I have a question about the first ungraded lab: C4_W4_Lab_1_First_GAN
My question is about the discriminator training data:

# ... training loop declaration
            # infer batch size from the training batch
            batch_size = real_images.shape[0]

            # Train the discriminator - PHASE 1# Create the noise
            noise = tf.random.normal(shape=[batch_size, random_normal_dimensions])
            
            # Use the noise to generate fake images
            fake_images = generator(noise)
            
            # Create a list by concatenating the fake images with the real ones
            mixed_images = tf.concat([fake_images, real_images], axis=0) # <---------- HERE
            
            # Create the labels for the discriminator# 0 for the fake images# 1 for the real images
            discriminator_labels = tf.constant([[0.]] * batch_size + [[1.]] * batch_size)
            
            # Ensure that the discriminator is trainable
            discriminator.trainable = True
            
            # Use train_on_batch to train the discriminator with the mixed images and the discriminator labels
            discriminator.train_on_batch(mixed_images, discriminator_labels)

It bothers me that the training batch will have all the fake images together and then all the real images. Won’t that produce overfitting?
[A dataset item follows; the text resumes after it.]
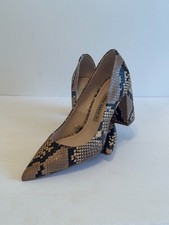 Zara Basic Python Block Heels Beige  Brown Pointed Toe Sizes 5 1/2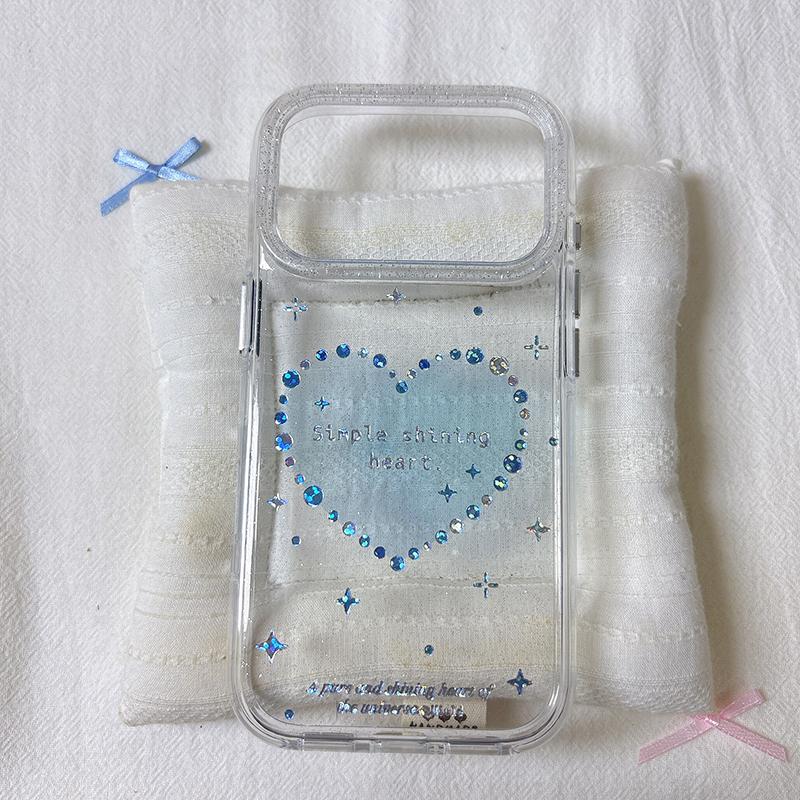 Ins Simple Fashion Shining Love Heart Phone Case For iPhone 17 Pro Max 16 15 14 13 Glitter Shockproof Hard Back Cover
Or is it the case that when train_on_batch is called on the discriminator there is a bundled-in shuffling mechanism?

If the discriminator consistently receives batches where the first half contains only fake images and the second half only real images, it might learn to distinguish based on the position in the batch rather than learning the actual features that distinguish real from fake images. This could lead to poor generalization.

Am I overthinking this?

The GANs purpose is to produce images that look real, not to fit any particular data. I think the concentration here is if data looks real or fake, the position where it is fed during training does not make any bias because the GAN learns certain hyperparameters independent of the mages position in the batch!

Also to add fabrico there is no where mentioned that the fake images are added in equal amount real images. Here fake images are only used to create a noise or say randomness to check the predictability of how appropriate a GAN can produce a real image.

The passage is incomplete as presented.